Python UDFs introduce serialization overhead between the JVM and Python runtime, and prevent the Catalyst optimizer from pushing predicates through UDF boundaries. Native Spark SQL functions and pandas UDFs (vectorized) avoid these costs.

Recommendation if Not Met

Migrate Python UDFs to native Spark SQL functions or Spark DataFrame operations.

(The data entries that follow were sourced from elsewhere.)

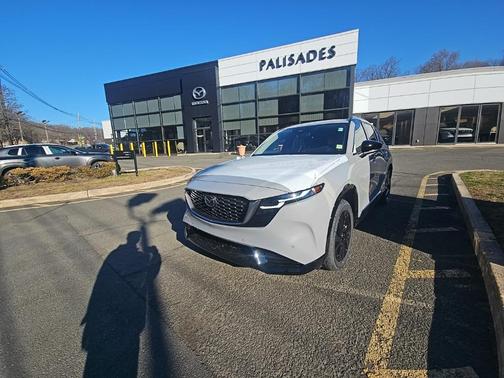 2026 Mazda CX-5 2.5 S Premium Plus Package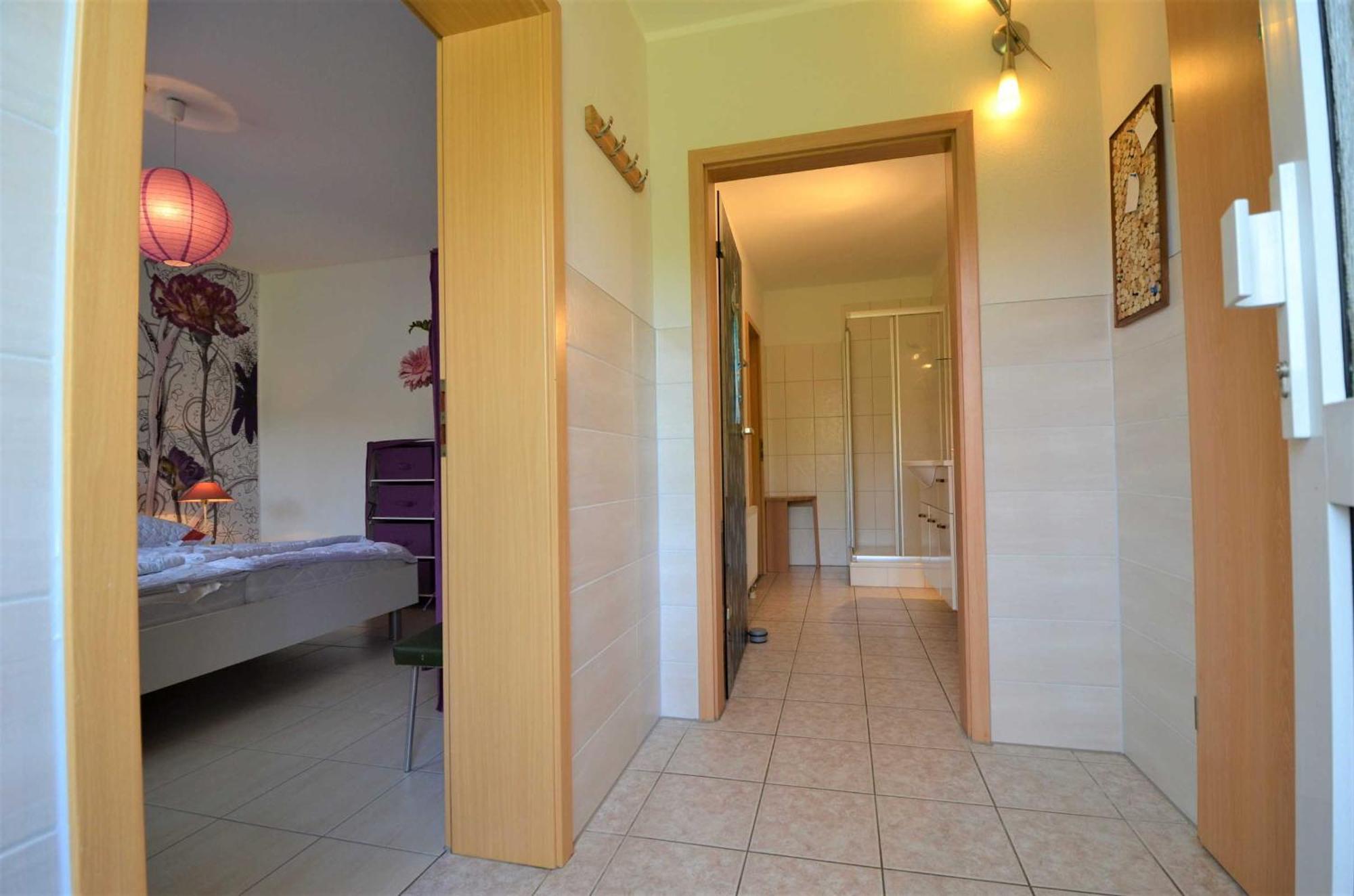 Ferienwohnung 300 Meter Zur Ostsee Граль-Мюріц Екстер'єр фото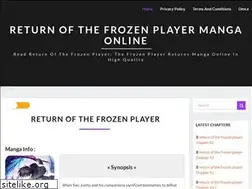 Sites similar to returnfrozenplayer.com
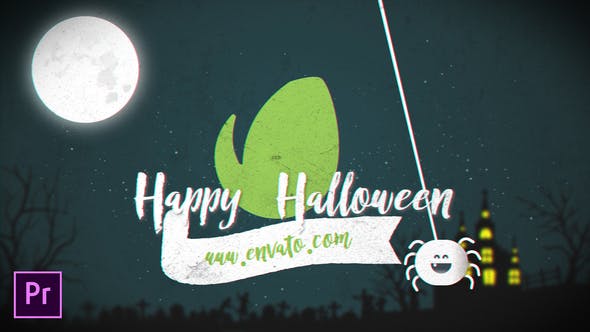 Halloween | For Premiere Pro - Download Videohive 28813727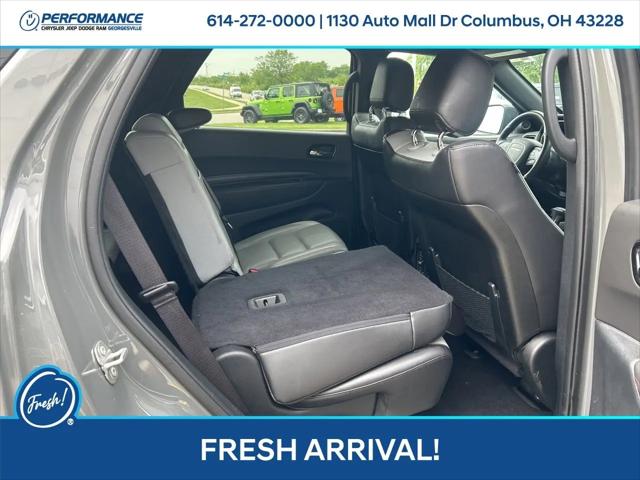 2024 Dodge Durango GT Premium AWD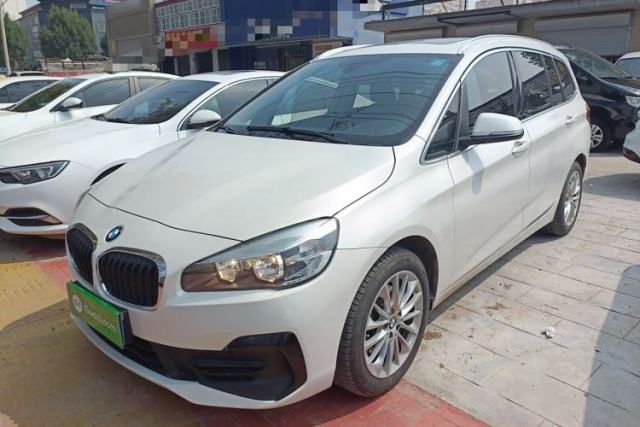 Used BMW 2 Series Gran Tourer 2019 220i Leading Model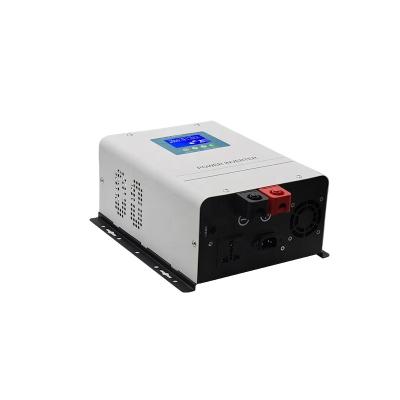 China Car/Home/Solar/Outdoor DC 12v 500w 500w Pure Sine Wave Generator Inverter with Charger Peak Power 1500w for sale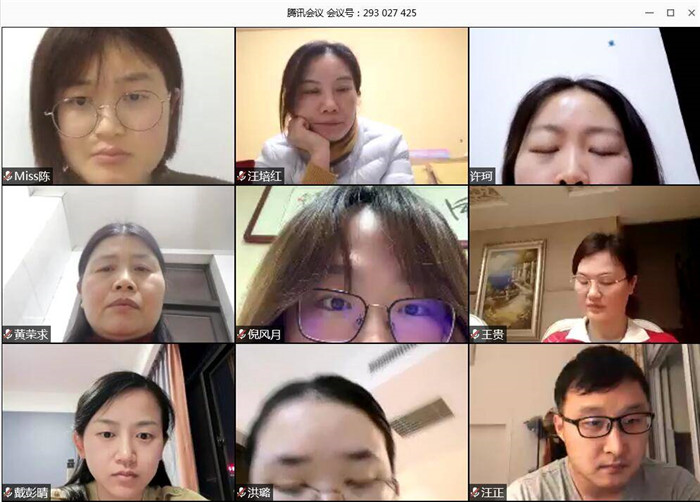 戰(zhàn)疫情齊心協(xié)力，真落實雙師教學(xué)(圖2)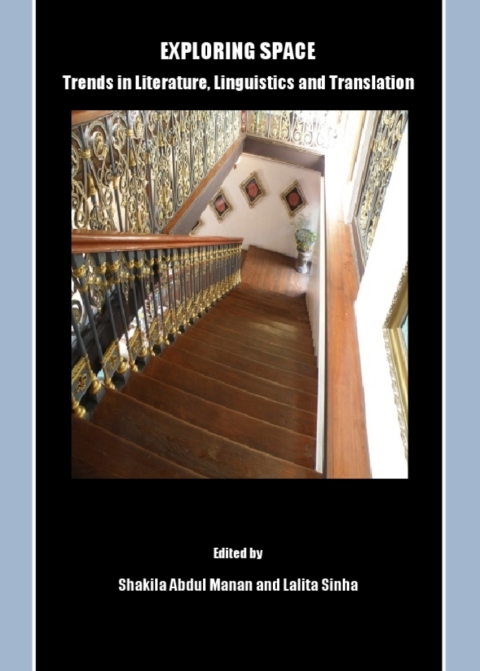 Cover image for book Exploring Space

  • Use Spark SQL built-in functions wherever possible: https://spark.apache.org/docs/latest/api/sql/
  • Where UDFs are necessary, prefer pandas UDFs (vectorized) over row-based Python UDFs.
  • Review existing Python UDFs with: SELECT routine_catalog, routine_schema, routine_name FROM system.information_schema.routines WHERE external_language = 'Python'

Detail Query

View SQL
-- waf_PE-02-05_python_udfs
SELECT COUNT(*) as count, routine_catalog as catalog_name,
  routine_schema AS schema_name,
  concat(routine_catalog,'.',routine_schema) AS full_schema
FROM system.information_schema.routines
WHERE external_language = 'Python' 
GROUP BY routine_catalog, routine_schema 
ORDER BY count DESC;

PE-02-06 — Use native platform engines

Field Value
Principle Design workloads for performance
Threshold 80%
waf_cache table waf_controls_p

What it measures

% of compute usage with Photon enabled (product_features.is_photon = true or sku_name LIKE '%PHOTON%').

Recommendation if Not Met

Enable Photon broadly for eligible workloads to improve performance efficiency.

Detail Query

View SQL
-- waf_PE-02-06_photon_workloads
WITH CTE AS (
  SELECT
    COUNT(*) AS runs,
    SUM(usage_quantity) AS dbu_usage,
    billing_origin_product,
    CASE WHEN sku_name LIKE '%PHOTON%' OR product_features.is_photon = true
         THEN true ELSE false END AS is_photon
  FROM system.billing.usage 
  WHERE usage_date BETWEEN current_date()-30 AND current_date()
    AND billing_origin_product IN ('JOBS','LAKEFLOW_CONNECT','VECTOR_SEARCH','DATABASE','DLT','ALL_PURPOSE','ONLINE_TABLES','INTERACTIVE')
    AND usage_unit = 'DBU'
  GROUP BY billing_origin_product, 4
)
SELECT 
    billing_origin_product,
    SUM(runs) AS runs_total,
    SUM(dbu_usage) AS dbu_usage_total,
    SUM(CASE WHEN is_photon = true THEN dbu_usage ELSE 0 END) AS sum_photon_dbu,
    SUM(CASE WHEN is_photon = true THEN dbu_usage ELSE 0 END)/SUM(dbu_usage) AS pct_photon_dbu
FROM CTE
GROUP BY billing_origin_product 
ORDER BY runs_total DESC;

PE-02-07 — Understand your hardware and workload type

Field Value
Principle Design workloads for performance
Threshold 50%
waf_cache table waf_controls_p

What it measures

% of active interactive clusters (cluster_source IN ('API', 'UI')) that have a cluster policy attached (policy_id IS NOT NULL).

PE-02-07 fix

An earlier version of this control used serverless adoption as a proxy for hardware awareness. The current query directly measures policy attachment on interactive clusters, which more accurately reflects whether teams are being guided to appropriate hardware families.

Recommendation if Not Met

Attach cluster policies to interactive clusters to enforce hardware selection and workload guidelines.